### [Your goal]
Every line of the records that holds the word "living" should be copied out.
Data below:
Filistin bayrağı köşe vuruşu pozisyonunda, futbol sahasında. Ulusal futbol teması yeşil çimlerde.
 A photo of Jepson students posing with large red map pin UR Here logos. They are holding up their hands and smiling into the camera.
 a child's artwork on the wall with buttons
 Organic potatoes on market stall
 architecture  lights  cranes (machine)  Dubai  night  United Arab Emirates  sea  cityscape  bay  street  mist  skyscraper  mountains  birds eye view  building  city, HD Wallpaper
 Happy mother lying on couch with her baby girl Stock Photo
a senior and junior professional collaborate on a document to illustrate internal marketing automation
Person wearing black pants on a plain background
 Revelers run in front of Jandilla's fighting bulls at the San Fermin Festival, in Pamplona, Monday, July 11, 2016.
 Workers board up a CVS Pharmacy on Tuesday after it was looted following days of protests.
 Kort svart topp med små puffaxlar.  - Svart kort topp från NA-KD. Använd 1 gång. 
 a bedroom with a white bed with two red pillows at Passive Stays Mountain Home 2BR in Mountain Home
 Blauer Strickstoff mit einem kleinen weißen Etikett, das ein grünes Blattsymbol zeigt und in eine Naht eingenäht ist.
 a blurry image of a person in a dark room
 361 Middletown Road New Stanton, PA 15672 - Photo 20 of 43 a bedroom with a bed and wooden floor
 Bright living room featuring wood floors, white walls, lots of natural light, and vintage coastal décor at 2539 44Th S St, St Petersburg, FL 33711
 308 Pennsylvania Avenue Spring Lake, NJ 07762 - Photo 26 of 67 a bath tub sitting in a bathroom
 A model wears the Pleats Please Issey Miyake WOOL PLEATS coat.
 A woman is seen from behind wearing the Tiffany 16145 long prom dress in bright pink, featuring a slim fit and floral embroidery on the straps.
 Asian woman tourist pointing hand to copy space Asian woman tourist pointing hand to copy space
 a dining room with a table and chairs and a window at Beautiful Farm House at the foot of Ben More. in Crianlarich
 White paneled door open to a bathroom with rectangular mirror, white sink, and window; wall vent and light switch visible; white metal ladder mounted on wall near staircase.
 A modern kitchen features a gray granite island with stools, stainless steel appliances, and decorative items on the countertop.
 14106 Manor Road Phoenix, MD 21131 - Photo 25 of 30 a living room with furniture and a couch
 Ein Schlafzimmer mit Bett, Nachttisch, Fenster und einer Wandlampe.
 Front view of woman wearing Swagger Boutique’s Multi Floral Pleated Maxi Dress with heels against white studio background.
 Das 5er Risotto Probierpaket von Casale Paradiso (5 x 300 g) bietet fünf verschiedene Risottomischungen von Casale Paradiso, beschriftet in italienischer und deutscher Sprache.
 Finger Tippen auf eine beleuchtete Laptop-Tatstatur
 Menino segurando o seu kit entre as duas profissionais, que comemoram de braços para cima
End of Data.
### [Reply]
 Bright living room featuring wood floors, white walls, lots of natural light, and vintage coastal décor at 2539 44Th S St, St Petersburg, FL 33711
 14106 Manor Road Phoenix, MD 21131 - Photo 25 of 30 a living room with furniture and a couch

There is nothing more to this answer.